Cyberattacks could target multiple sectors of US critical infrastructure during a future crisis, such as US water systems, pipelines or rail and aviation systems, in addition to telecommunications. Moreover, because civilian areas use some of the same systems as US bases, the impact of cyberattacks would not be confined to US bases.
A satellite image of Taiwan’s capital Taipei. China could seek to disrupt US bases in the Asia-Pacific region should Beijing seek to militarily seize what it considers part of its territory. Credit: NASA
This may be a deliberate effect if China believes that the US public would focus more on crippled infrastructure at home than a crisis overseas in the event it activated its malware in US critical infrastructure ahead of an attack on Taiwan. China monitors global cyberspace heavily, allowing it to build up a detailed picture of both US infrastructure and public sentiments there.
Zhou said: “The Ministry of State Security can monitor a lot of what is going on [online]… With drones and the Internet of Things there is now the capability to monitor what is happening all over the world, and what is clear is that anything made by a Chinese company is vulnerable to the CCP control and to information gathering from China. They are selling this type of equipment [smart devices] all over the world. As a result, they have access to the data [collected].

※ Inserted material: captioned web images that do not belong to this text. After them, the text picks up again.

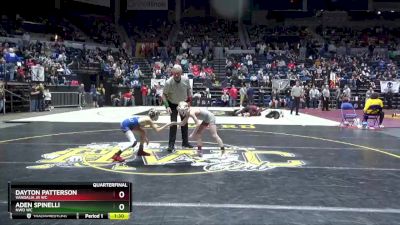 64 lbs Quarterfinal - Aden Spinelli, NWo WC vs Dayton Patterson, Vandalia Jr WC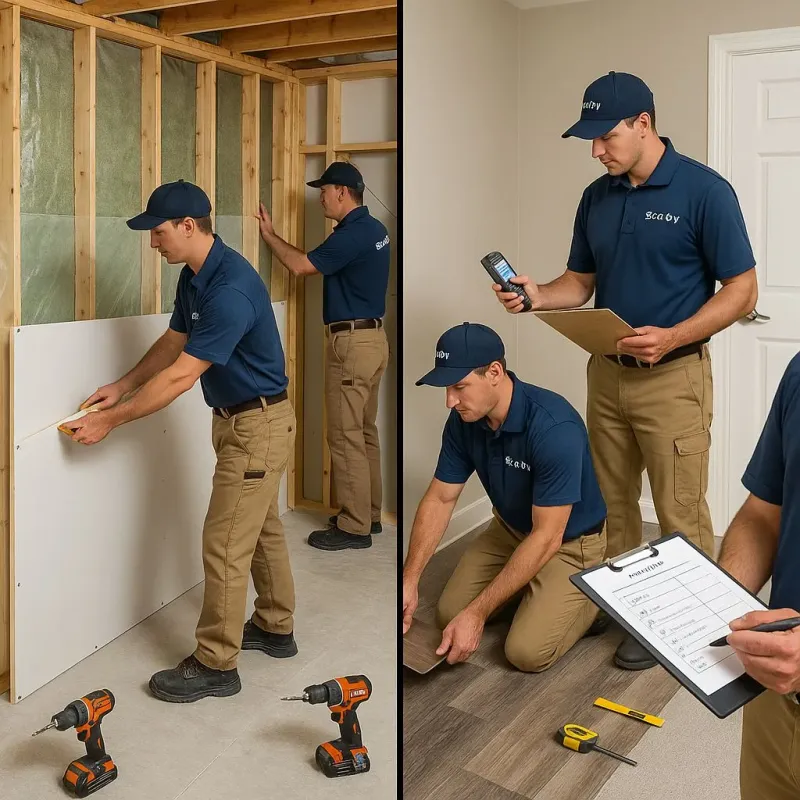 Repairs and Reconstruction process in Carmel-by-the-Sea, CA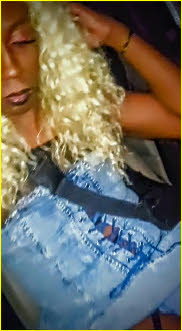 Gay sissy Kylie Michelle from Atlanta in slutty blonde wig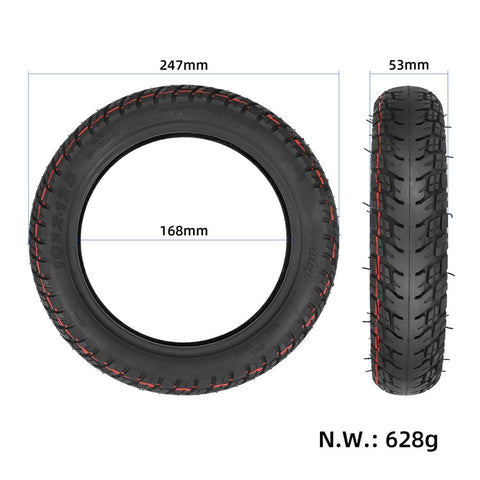 ULIP Rubber Tires for Ninebot F20 F25 F30 F40 Electric Scooter 0x2.125" Replacement Vacuum Tire with Nozzle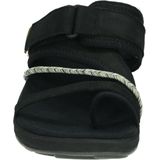 Merrell - Terran 4 Post - Sandaal - Black - Volnerfleer en Gerecycled Textiel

“For example, [with the apps] WeChat and TikTok and all this software [made in China], you can imagine the data collected is quite a lot. There’s no way you can avoid revealing all this information to the Chinese Government if they want [it]. The companies are [legally] bound to do so. And people using these apps are becoming unwitting agents of information gathering [for China], even if you are just taking pictures as a tourist for example.”

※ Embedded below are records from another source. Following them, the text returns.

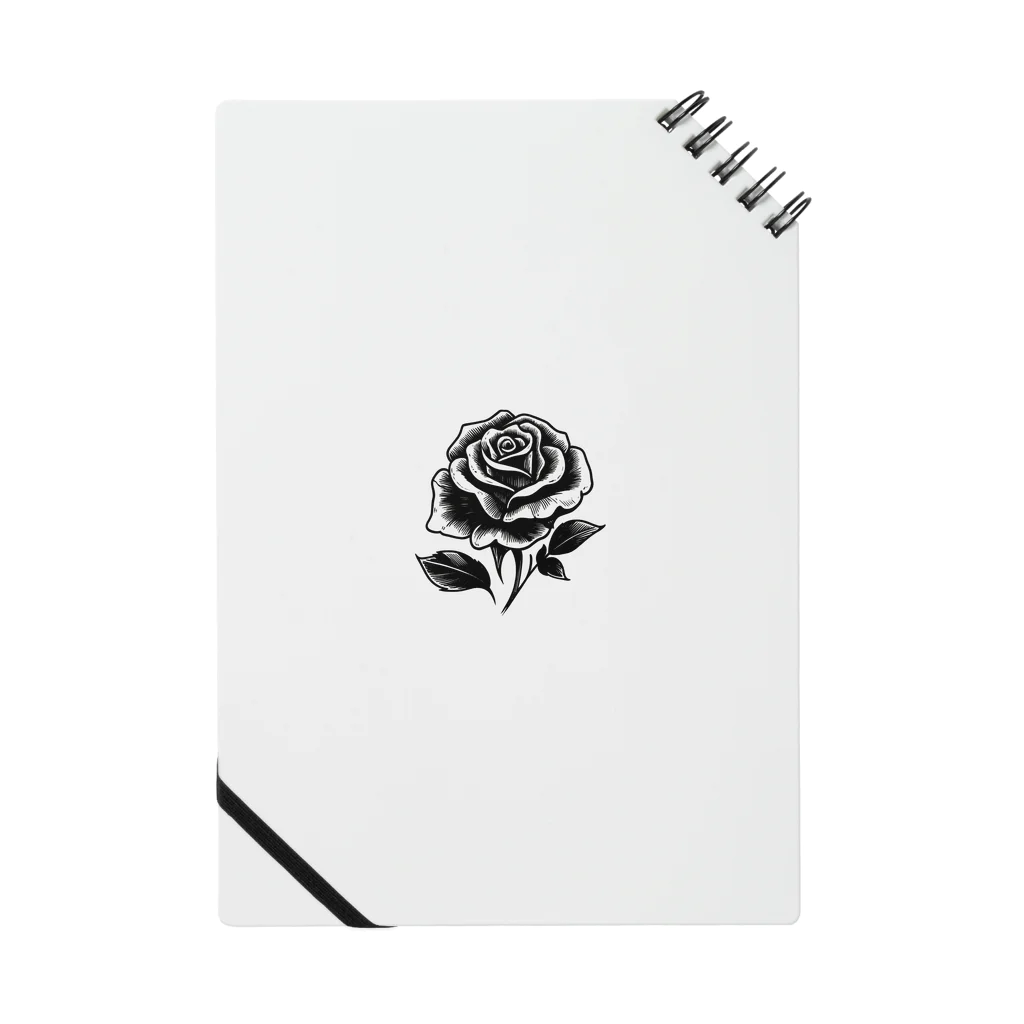 CHRON SHIROの黒い花3 Notebook
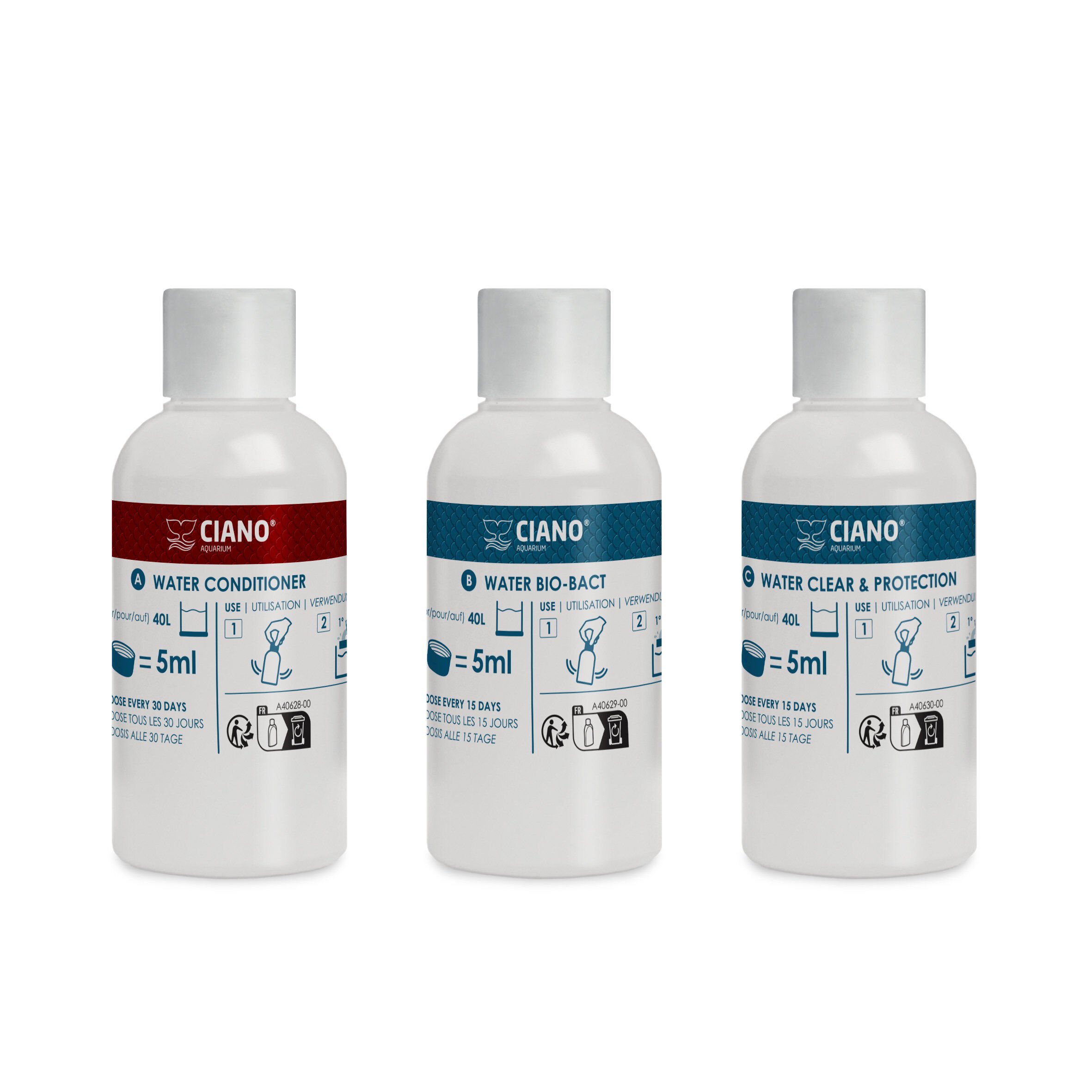 Ciano - Pack Water Care pour Entretien Aquarium - 3x100ml Image num&eacute;ro 1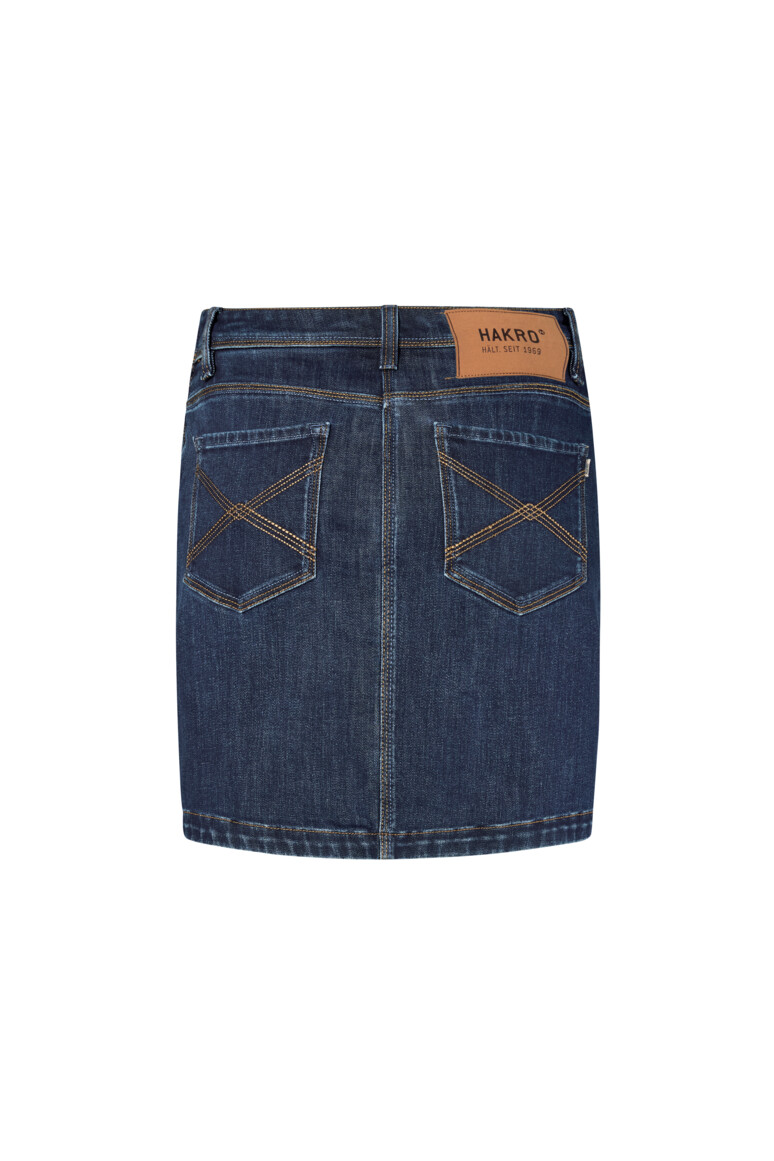 HAKRO 732 DAMEN 5-POCKET-JEANSSKORT X-STRETCH ECO in indigo, Größe 3XL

Beijing denies, but what is the cyber threat?
Beijing has responded angrily to the claims by Microsoft, US intelligence officials and other international cybersecurity actors about the alleged activities of both Volt Typhoon and Storm-0558. Regarding Storm-0558’s alleged breach of senior US officials’ email systems, Chinese Foreign Ministry spokesperson Wang Wenbin said on 12 July that China had noted reports from the White House National Security Council regarding alleged Chinese responsibility for the security breach of Microsoft’s services which compromised the US State and Commerce department’s emails.
However, Chinese officials frequently cite instances of US cyberattacks or hacking while ignoring questions about their own country’s activities or denying them outright, and Wang followed this line when responding to questions about Beijing’s recent cyberoperations.
He told the assembled journalists: “I would like to say that in the past, it was usually the world’s number one hacking group—the US National Security Agency, which also serves as the US Cyber Force Command, that released such kind of disinformation. This time, it was the US National Security Council that made a public statement. Whatever agency spoke, it does not change the fact that the US is the world’s biggest hacking empire and global cyber thief.
“Since last year, cyber security institutions from China and elsewhere in the world have issued reports to reveal US Government’s cyber-attacks against China over the years, but the US has yet to make a response. It is high time that the US explained its cyber-attack activities and stopped spreading disinformation to deflect public attention.”
In turn, Zhou believes the cyberthreat from China is higher than most ordinary people currently realise. “The CCP can bring disaster to anyone in the world with the click of a finger, that’s really what’s happening now. This has never happened before in the past, that there has been so much power connected to one regime which has no regard for human dignity or human lives.”